Introduction
“Political transitions usually trigger changes in the cultural landscape because place names are largely political discourses and indispensable constituent elements of a political regime’s symbols of power”.Footnote 1 The prompt ruling in the application by John Ssempebwa against Uganda’s capital city authority to change the use of colonial street names was coincidentally pronounced in February 2025, the same month that justice for Africans and people of African descent through reparations was launched by African heads of state and government as the African Union theme of the year 2025. It is noteworthy that the development also followed the commencement of a second International Decade for People of African Descent in January 2025, proclaimed by the UN General Assembly on 17 December 2024 based on the theme: recognition, justice and development of people of African descent.Footnote 2
The African Union perceives reparation to Africa to comprise of initiatives that address historical injustices resulting from enslavement of Africans, colonization and systemic discrimination.Footnote 3 These endeavours include historical acknowledgement of the impact of colonialism and slavery on African societies, promotion of the African cultural heritage that was suppressed or destroyed during colonial times, reform of policies (and of necessity practices) that perpetuate inequality and discrimination, and continued advocacy for reparation, among the eight undertakings identified.Footnote 4 These multilayered, multifaceted, multisectoral and multidimensional approaches are valid at the domestic, regional and international levels.

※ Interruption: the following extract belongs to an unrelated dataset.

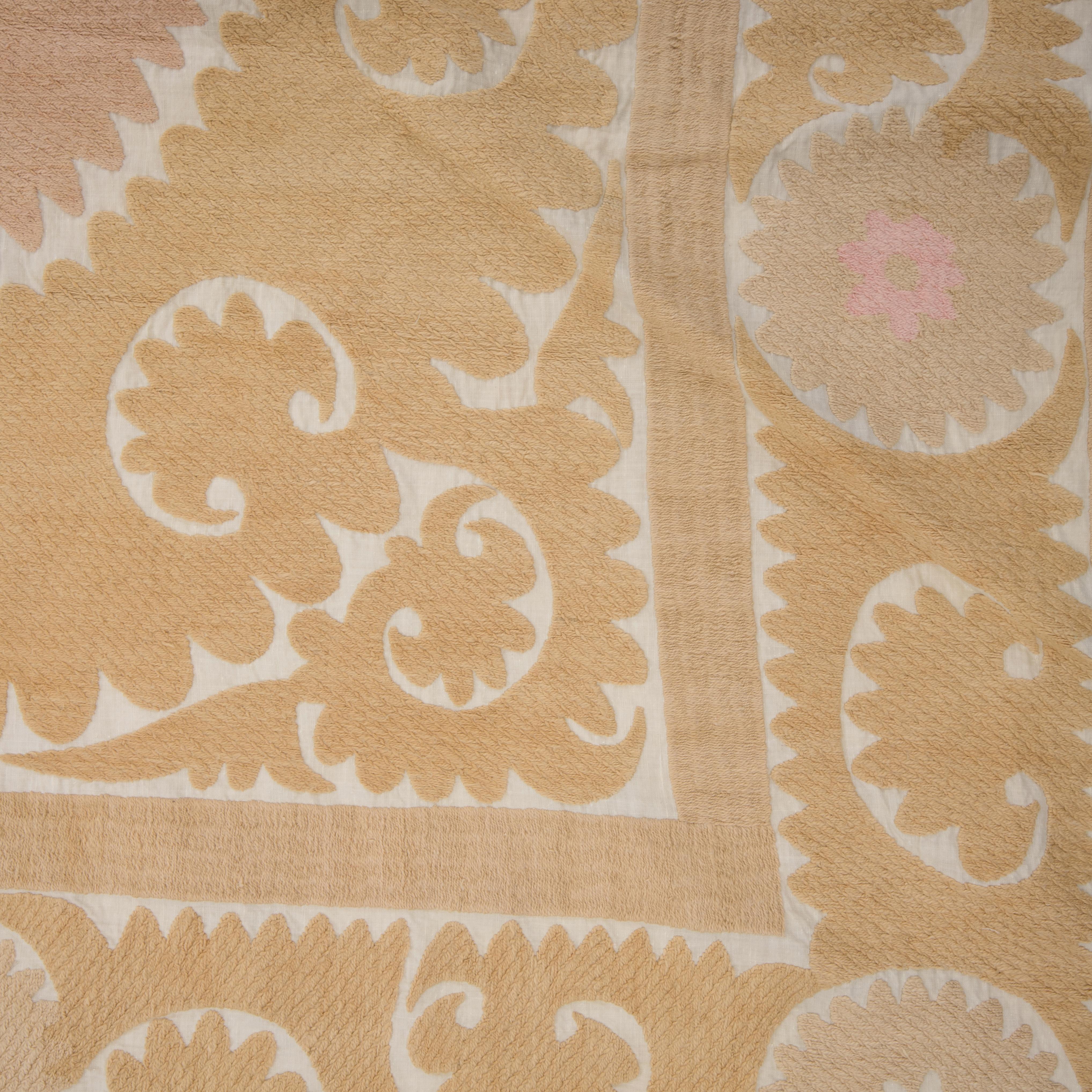 Decorative Mid 20th C. Neutral Samarkand Suzani with Pinks In Good Condition For Sale In Istanbul, TR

Uganda formally became a British colonial creation (or so-called protectorate) on 18 June 1894Footnote 5 and was administered as such until it obtained its independence on 9 October 1962. The Order in Council vested all government powers in the commissioner, who administered the government on behalf and in the name of the king of Britain.Footnote 6
John Ssempebwa, with the support of two senior Ugandan academics, filed an application against Kampala Capital City Authority (KCCA) in the High Court of Uganda in June 2024. He sought several orders, declarations and reliefs intended to compel the city authorities to adopt a decolonial approach to memory and recognition. By relying on constitutional provisions to support their averments for reparation, the applicants attempted to constitutionalize the subject.
Summary of the decision
The application was supported by three affidavits by John Ssempebwa, a historian, human rights activist and proprietor of a museum, Professor Samwiri Lwanga Luyiigo, a professor of Uganda history and author, and Dr Busingye Kabumba, acting director of the Human Rights and Peace Center of Makerere University Faculty of Law. They averred that i) KCCA used, and continues to use on public roads, names of individuals that benefitted from or were responsible for heinous crimes including torture, cruel, degrading and inhuman treatment, discrimination and subjugation of the peoples of Uganda (examples mentioned include Lord Fredrick Lugard, Captain William, Sir Edward Colville, Colonel Trevor Ternan, Sir Henry (Harry) Hamilton Johnstone, Sir Gerald Herbert Portal and others like Queen Alexandrina Victoria, King Edward VII, King George VI, Queen Elizabeth Mary Windsor II, the House of Windsor, the Kings African Rifles (KAR), Sir Ernest J Lennox Berkeley and Sir William Mackinnon); ii) honouring colonial figures that were responsible for the conquest, occupation and imposition of a violent, oppressive and exploitative imperial regime distorts history by glorifying colonial offices and the British monarchy while ignoring the harm and exploitation they inflicted upon local populations; iii) honouring colonial agents is also symbolic of ongoing oppressions and perpetuates the notion that colonialism is prevalent and valid many decades after Uganda attained its independence. It undermines the sense of independence from British colonial rule and the Ugandan’s right to self-determination. It also symbolizes and perpetuates a nefarious legacy of violence, domination, control, abuse, impunity and colonial oppression within Kampala and other parts of Uganda, which should come to an end. In their language, it indicates a lack of serious decolonization efforts by KCCA.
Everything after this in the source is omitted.